Niger Inter : le Ministre d’Etat chargé de l’Intérieur vient d’installer officiellement la Commission Electorale Nationale Indépendante (CENI) qui sera désormais permanente. Les représentants de l’opposition ne sont toujours pas désignés. Vous êtes Président du Groupe Parlementaire Zamzam Lumana Africa-Hankouri, comment expliquez-vous votre absence à la CENI ?

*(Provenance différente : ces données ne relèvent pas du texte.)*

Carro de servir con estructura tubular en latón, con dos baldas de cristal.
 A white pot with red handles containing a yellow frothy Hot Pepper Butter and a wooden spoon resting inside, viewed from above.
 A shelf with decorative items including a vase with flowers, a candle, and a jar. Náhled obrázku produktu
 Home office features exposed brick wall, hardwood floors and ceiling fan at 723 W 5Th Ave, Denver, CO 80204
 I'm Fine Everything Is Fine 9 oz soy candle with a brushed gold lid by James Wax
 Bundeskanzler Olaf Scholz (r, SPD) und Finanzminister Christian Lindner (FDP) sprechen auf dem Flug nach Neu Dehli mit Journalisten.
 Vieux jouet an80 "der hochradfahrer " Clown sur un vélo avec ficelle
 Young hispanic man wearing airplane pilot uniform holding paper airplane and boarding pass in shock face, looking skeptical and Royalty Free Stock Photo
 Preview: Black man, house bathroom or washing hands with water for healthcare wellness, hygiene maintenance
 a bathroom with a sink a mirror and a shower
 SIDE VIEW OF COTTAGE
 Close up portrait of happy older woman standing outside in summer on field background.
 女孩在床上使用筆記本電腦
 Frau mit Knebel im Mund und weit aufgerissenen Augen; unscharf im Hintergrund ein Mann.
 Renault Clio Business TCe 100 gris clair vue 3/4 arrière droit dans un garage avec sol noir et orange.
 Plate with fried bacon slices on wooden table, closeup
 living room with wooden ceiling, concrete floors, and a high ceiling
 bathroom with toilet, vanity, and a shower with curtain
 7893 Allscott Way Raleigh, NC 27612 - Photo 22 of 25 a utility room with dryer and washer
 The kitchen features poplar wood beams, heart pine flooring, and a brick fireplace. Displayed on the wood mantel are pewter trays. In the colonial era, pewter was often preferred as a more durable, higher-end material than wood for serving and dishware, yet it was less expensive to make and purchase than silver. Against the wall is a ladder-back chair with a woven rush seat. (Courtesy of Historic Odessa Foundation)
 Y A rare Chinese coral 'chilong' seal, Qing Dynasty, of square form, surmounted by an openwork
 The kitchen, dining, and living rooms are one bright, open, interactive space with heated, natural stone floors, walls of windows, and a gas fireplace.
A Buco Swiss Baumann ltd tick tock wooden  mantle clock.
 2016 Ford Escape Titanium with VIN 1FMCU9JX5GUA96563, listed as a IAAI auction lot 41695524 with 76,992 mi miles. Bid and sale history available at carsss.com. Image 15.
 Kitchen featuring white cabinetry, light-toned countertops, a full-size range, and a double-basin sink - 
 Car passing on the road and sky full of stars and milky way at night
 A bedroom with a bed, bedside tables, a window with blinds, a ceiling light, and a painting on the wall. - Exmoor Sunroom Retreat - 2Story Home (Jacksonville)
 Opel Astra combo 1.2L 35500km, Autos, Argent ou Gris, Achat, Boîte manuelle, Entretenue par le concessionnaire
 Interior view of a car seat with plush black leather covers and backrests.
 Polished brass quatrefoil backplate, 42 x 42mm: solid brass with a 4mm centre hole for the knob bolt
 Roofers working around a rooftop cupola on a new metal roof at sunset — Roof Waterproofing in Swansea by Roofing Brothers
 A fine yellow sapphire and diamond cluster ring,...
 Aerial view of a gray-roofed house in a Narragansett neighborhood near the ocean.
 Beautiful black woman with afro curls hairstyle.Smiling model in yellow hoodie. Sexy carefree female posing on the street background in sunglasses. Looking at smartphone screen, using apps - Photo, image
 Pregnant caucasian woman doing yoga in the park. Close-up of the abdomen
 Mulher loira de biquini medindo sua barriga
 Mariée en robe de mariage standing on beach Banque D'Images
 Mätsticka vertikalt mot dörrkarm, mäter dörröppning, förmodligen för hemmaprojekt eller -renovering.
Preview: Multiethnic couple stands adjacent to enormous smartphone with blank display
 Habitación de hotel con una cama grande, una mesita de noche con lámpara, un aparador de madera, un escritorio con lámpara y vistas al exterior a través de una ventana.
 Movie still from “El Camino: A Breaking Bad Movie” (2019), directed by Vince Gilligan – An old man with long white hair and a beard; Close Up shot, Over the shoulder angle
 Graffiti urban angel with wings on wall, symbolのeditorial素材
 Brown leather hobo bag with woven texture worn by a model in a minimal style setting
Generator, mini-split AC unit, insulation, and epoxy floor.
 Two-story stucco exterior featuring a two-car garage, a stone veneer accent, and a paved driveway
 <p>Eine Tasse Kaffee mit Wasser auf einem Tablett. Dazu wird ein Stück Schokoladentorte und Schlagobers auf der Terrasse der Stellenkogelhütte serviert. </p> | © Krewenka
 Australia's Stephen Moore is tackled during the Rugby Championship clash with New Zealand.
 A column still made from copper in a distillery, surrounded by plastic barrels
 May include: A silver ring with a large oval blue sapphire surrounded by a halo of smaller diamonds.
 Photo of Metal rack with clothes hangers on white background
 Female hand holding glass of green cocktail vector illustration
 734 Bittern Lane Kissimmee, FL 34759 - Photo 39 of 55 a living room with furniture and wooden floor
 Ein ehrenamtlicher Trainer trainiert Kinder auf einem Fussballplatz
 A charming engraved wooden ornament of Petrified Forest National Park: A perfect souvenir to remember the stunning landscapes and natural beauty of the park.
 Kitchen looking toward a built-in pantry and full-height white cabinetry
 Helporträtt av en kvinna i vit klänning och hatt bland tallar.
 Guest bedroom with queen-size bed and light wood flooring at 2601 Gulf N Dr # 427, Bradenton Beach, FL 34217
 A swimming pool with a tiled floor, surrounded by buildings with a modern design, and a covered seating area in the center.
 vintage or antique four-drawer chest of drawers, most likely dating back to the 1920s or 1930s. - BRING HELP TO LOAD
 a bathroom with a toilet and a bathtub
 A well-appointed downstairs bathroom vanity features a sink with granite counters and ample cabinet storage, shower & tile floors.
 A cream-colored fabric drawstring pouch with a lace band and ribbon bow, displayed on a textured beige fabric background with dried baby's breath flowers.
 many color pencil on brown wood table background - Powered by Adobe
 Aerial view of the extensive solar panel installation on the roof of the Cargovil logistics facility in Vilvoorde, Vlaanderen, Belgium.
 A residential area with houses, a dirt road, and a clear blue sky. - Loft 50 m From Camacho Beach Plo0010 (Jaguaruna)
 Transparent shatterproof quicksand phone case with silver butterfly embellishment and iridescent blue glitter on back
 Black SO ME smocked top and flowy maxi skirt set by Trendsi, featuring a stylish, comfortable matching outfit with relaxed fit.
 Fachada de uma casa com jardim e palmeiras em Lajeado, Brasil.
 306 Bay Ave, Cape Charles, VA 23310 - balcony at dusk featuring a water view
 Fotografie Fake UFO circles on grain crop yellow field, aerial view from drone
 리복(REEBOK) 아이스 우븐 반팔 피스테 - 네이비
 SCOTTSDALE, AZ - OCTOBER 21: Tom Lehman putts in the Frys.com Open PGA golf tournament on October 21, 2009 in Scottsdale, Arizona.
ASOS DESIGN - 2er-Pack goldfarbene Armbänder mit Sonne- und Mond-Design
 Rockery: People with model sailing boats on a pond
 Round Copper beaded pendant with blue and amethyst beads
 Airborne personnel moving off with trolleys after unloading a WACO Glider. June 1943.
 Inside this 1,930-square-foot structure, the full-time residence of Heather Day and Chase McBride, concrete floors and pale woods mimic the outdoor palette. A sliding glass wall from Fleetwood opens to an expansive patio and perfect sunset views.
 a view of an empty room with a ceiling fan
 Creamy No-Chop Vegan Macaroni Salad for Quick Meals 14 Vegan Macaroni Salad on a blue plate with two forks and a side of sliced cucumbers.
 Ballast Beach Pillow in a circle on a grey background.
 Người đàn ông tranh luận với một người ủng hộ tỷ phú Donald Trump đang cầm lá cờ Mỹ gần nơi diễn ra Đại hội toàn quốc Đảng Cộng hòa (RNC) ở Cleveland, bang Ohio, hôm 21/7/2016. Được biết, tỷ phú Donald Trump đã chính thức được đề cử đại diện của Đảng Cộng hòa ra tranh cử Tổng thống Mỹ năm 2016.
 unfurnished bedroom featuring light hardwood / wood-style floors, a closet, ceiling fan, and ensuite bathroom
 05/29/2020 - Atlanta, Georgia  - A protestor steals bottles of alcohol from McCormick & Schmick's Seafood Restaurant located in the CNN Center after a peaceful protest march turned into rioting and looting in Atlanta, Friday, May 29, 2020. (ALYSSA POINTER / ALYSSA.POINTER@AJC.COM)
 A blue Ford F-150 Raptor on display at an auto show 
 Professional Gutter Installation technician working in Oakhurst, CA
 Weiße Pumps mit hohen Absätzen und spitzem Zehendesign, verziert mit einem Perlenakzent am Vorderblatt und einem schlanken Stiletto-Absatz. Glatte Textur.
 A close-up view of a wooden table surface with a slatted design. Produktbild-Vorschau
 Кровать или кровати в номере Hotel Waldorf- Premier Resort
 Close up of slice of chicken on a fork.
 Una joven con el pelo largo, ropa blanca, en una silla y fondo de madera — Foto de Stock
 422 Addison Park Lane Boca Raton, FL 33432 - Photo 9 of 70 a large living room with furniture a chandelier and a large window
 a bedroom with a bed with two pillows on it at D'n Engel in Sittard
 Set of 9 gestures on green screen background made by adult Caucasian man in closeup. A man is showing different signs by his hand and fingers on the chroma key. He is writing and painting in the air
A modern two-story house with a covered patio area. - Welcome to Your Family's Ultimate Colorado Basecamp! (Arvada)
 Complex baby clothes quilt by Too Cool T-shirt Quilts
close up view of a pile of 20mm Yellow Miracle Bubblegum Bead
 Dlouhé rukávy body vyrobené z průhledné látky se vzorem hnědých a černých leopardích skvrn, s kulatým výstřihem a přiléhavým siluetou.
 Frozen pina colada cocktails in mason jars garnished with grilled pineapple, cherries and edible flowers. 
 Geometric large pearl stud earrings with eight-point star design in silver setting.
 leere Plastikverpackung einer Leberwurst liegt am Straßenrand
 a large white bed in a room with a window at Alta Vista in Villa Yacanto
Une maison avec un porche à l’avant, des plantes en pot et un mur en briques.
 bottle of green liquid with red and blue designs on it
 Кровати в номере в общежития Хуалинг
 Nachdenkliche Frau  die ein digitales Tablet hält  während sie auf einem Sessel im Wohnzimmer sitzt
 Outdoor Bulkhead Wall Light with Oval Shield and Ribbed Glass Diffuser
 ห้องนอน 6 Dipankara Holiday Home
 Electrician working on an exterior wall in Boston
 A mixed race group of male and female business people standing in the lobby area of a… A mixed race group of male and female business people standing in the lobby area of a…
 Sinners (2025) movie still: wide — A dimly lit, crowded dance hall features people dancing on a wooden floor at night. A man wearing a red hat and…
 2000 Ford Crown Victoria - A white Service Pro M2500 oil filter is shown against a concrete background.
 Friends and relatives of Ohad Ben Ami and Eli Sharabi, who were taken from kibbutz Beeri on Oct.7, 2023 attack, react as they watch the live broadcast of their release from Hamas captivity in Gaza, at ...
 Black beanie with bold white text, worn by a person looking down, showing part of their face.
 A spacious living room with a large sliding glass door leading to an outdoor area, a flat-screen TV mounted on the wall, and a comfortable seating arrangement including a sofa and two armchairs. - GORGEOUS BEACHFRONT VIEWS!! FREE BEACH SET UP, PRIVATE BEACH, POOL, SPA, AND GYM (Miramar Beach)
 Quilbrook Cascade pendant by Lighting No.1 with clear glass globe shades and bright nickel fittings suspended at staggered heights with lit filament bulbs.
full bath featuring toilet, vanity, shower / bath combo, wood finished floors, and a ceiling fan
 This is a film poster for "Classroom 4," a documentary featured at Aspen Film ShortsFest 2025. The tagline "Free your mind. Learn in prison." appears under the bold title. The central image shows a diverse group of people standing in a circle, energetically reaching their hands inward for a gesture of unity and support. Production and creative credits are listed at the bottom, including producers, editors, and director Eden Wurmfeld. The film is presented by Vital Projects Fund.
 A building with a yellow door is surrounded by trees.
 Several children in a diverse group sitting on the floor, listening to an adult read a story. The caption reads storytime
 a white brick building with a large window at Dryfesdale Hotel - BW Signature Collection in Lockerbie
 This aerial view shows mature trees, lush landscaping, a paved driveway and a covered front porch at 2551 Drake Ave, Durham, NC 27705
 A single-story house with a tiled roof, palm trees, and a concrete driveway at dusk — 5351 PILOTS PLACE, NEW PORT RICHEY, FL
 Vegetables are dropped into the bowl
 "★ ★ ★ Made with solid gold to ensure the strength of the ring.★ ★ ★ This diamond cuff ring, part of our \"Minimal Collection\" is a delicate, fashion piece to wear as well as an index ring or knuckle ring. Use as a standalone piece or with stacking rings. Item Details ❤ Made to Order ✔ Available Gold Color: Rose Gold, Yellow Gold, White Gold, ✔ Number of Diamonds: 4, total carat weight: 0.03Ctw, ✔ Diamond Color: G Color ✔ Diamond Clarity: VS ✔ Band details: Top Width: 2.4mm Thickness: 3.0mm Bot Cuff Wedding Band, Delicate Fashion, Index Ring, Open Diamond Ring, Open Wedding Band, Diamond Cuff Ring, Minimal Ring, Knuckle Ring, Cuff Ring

Député Issoufou Issaka : Les partis politiques de l’opposition politique et les partis non affiliés n’ont cessé de dénoncer la manière cavalière et exclusive dont le processus de révision des lois électorales a été conduit. Le code électoral qui en est issu est inique en ce sens qu’il exclut la représentation à la CENI des partis non affiliés, supprime le recours aux élections législatives partielles, met la CENI sous coupe réglée. Il vous souviendra, en outre, de la cacophonie qui a prévalu entre les partis politiques de la majorité eux-mêmes d’abord et entre eux et la présidence ensuite relativement à la désignation du Président et du Vice-Président de la CENI. Il va sans dire qu’à l’opposition, l’installation d’une CENI dans ces conditions est un non évènement.
Niger Inter : Selon vous quelles sont les conditions de possibilité du dialogue politique au Niger après l’échec du CNDP ?
Député Issoufou Issaka : Le retour à la bonne gouvernance c’est-à-dire le strict respect de la constitution et des lois et règlements de la République.